Conceptual Framework
A Conceptual Framework is a guide for how a teacher education program is planned and organized. A coherent conceptual framework is a program’s platform, summarizing its philosophical views of the roles of teaching and learning, and its essential understandings of how students become teachers.
A conceptual framework gives an educational program its own distinct emphasis, a vision of the kind of program it wants to be and the characteristics of the teachers it hopes to develop. It simply describes for everyone what the program is all about.
The conceptual framework of the School of Education is Building and Bridging A Community of Learners. The organizing theme of learning communities focuses the attention of faculty and students on the essential nature of teaching and learning:
- How does community shape learning and achievement?
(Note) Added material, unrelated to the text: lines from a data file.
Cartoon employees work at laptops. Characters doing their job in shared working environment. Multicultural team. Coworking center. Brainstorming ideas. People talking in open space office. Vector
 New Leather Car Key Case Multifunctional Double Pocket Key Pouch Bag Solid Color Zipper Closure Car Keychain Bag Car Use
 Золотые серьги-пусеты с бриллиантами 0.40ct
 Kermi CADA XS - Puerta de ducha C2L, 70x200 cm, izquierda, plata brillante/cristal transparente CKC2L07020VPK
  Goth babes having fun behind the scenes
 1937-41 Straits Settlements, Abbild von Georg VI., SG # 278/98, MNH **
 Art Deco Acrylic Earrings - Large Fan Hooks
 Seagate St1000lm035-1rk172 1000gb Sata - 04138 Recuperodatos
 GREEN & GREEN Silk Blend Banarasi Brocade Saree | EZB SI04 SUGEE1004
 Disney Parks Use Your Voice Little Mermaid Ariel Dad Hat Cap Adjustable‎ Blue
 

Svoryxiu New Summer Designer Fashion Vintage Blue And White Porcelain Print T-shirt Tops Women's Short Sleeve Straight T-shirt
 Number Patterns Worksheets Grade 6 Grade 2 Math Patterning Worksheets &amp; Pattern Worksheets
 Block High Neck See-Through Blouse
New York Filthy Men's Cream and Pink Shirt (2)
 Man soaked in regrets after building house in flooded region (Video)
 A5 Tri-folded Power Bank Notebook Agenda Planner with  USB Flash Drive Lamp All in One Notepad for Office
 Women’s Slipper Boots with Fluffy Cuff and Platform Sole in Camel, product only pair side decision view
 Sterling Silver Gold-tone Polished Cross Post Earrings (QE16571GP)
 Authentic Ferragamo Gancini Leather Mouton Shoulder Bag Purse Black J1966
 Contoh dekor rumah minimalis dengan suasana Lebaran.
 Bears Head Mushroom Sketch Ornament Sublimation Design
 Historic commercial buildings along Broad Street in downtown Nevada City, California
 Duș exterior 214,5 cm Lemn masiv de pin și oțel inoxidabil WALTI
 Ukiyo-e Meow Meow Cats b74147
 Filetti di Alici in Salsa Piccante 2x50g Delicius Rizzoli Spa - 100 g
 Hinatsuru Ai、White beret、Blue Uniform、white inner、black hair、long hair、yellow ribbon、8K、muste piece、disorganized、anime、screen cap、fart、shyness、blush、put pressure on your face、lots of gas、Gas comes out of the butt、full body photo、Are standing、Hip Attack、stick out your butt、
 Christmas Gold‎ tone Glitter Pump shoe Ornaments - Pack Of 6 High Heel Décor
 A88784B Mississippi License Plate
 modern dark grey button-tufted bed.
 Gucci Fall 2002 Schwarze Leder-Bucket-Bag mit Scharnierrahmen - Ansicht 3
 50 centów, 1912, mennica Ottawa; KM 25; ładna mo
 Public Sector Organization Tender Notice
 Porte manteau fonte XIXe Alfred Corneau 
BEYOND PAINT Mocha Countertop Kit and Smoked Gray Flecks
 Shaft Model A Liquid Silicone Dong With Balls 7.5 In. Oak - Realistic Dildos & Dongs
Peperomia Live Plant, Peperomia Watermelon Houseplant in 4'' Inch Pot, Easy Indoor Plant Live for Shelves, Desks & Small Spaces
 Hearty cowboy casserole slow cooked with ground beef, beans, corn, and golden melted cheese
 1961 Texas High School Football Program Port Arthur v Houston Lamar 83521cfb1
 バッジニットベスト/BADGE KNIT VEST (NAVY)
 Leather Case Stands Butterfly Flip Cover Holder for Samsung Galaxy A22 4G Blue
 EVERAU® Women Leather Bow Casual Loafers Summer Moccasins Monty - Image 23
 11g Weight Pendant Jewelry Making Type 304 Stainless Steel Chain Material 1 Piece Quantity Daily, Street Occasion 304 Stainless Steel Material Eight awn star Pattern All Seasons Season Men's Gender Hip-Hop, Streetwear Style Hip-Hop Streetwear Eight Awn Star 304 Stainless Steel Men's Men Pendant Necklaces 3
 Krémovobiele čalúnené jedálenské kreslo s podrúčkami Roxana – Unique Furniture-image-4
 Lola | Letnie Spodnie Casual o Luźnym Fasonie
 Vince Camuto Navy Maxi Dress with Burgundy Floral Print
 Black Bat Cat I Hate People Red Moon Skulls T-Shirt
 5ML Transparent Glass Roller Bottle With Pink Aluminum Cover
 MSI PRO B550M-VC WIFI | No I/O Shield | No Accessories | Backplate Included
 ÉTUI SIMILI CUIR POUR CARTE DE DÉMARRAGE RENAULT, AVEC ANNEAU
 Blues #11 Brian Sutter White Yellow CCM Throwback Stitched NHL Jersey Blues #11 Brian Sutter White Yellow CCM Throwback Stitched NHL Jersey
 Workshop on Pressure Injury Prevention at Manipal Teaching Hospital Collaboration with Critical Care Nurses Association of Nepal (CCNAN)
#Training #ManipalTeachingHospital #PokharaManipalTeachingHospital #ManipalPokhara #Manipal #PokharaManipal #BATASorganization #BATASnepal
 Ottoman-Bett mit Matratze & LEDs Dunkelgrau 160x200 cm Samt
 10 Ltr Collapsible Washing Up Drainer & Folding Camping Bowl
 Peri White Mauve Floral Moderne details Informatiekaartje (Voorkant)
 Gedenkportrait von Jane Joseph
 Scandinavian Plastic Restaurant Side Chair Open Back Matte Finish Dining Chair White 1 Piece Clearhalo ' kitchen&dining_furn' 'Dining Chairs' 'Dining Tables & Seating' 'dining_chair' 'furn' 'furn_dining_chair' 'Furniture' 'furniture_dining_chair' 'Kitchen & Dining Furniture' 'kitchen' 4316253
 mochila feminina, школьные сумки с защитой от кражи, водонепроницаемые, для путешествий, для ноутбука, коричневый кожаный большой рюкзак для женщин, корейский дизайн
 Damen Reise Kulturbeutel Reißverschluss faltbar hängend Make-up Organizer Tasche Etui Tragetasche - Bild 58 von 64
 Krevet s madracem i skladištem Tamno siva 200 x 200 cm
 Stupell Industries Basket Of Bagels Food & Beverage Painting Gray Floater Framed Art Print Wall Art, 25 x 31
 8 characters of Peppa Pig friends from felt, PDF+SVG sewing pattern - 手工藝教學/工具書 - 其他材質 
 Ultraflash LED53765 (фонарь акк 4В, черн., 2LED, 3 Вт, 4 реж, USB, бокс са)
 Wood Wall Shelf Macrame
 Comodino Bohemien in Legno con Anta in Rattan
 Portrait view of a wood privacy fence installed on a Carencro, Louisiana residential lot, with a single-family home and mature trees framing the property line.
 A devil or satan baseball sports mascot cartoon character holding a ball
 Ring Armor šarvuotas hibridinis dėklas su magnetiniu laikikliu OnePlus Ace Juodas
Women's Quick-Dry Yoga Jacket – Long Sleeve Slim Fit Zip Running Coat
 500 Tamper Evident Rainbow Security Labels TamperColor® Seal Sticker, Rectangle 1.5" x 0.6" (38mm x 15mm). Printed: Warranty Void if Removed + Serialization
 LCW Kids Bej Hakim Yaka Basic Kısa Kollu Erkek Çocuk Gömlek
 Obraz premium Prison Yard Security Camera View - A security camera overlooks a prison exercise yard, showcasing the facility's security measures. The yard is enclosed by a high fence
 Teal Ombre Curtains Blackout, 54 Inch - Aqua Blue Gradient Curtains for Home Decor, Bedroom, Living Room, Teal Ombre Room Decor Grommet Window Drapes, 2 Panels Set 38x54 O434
- What are the roles of successful learners and teachers?
- What social interactions are necessary for both learning and community?
- How is the definition of a learning community changing in an increasingly technological age?
- What is the relationship between the concept of learning community and the democratic ideal of American education?
For faculty at CSU Pueblo, the vision of quality education requires a learner-centered environment in which learning (not teaching) is at the core.
All learners will achieve in communities in which learning is publicly and constructively discussed, a positive climate surrounds all members, and support exists for scaffold all learners’ individual growth and development.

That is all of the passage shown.